Reputation: 6315
Given the following index definition and query:
curl -XDELETE "localhost:9200/products"
curl -XPUT "localhost:9200/products"
curl -XPUT "localhost:9200/products/_mapping" -H 'Content-Type: application/json' -d'
{
"properties": {
"opinions": {
"type": "nested",
"properties": {
"topic": {"type": "keyword"},
"count": {"type": "long"}
},
"include_in_parent": true
}
}
}'
curl -X POST "localhost:9200/products/_bulk" -H 'Content-Type: application/json' -d'
{"index":{"_id":1}}
{"opinions":[{"topic": "room", "count": 2}, {"topic": "kitchen", "count": 1}]}
{"index":{"_id":2}}
{"opinions":[{"topic": "room", "count": 1}, {"topic": "restroom", "count": 1}]}
'
sleep 2
curl -X POST "localhost:9200/_search?pretty" -H 'Content-Type: application/json' -d'
{
"size": 0,
"aggs": {
"per_topic": {
"terms": {"field": "opinions.topic"},
"aggs": {
"counts": {
"sum": {"field": "opinions.count"}
}
}
}
}
}
'
Produces the result:
"aggregations" : {
"per_topic" : {
"doc_count_error_upper_bound" : 0,
"sum_other_doc_count" : 0,
"buckets" : [
{
"key" : "room",
"doc_count" : 2,
"counts" : {
"value" : 5.0
}
},
{
"key" : "kitchen",
"doc_count" : 1,
"counts" : {
"value" : 3.0
}
},
{
"key" : "restroom",
"doc_count" : 1,
"counts" : {
"value" : 2.0
}
}
]
}
}
}
I'm expecting the sum of room to be 3, kitchen to be 1 and restroom to be 1, counting only the related nested documents, but instead it is summing all the nested count fields in all the matched the documents.
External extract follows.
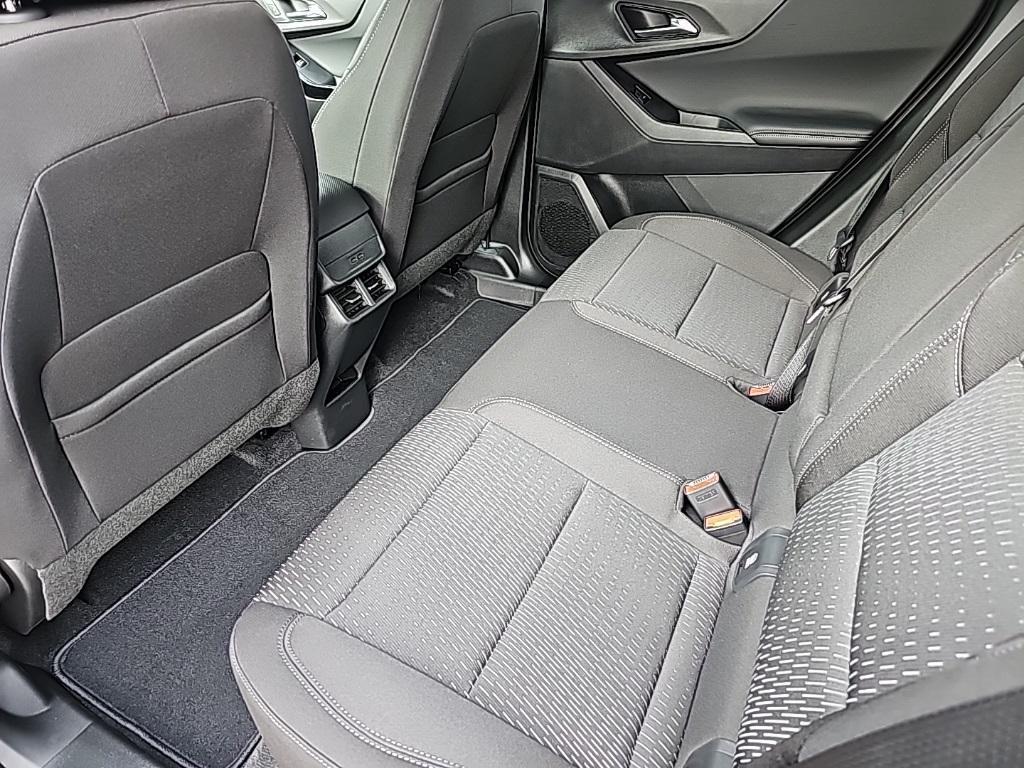 new 2026 Chevrolet Equinox car, priced at $33,040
How can I sum only the matched aggregated nested documents?
UPDATE: solution based on comments
curl -X POST "localhost:9200/_search?pretty" -H 'Content-Type: application/json' -d'
{
"size": 0,
"aggs": {
"opinions": {
"nested": {"path": "opinions"},
"aggs": {
"per_topic": {
"terms": {"field": "opinions.topic"},
"aggs": {
"counts": {
"sum": {"field": "opinions.count"}
}
}
}
}
}
}
}
'
Upvotes: 2
Views: 486
Reputation: 1072
The main initial problem was the use of object fields instead of nested fields: only using nested fields is it possible to preserve the structure [{"room", 2}, {"kitchen", 1}]
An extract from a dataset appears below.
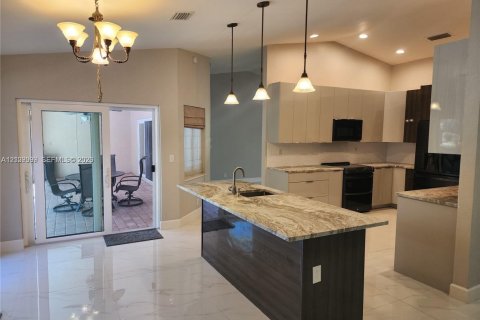 Villa ou maison à louer à Coral Springs, Floride: 5 chambres, 234.86 m2 № 2424813 - photo 11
, as in object fields the data is flattened to {["room", "kitchen"], [1,2]}
without relationships between "room"
and 2
.
Unluckily, at the moment is not possible to use the SQL API to group by (some?) nested fields, but it is possible to write a native Elastic query using nested aggregations.
Upvotes: 2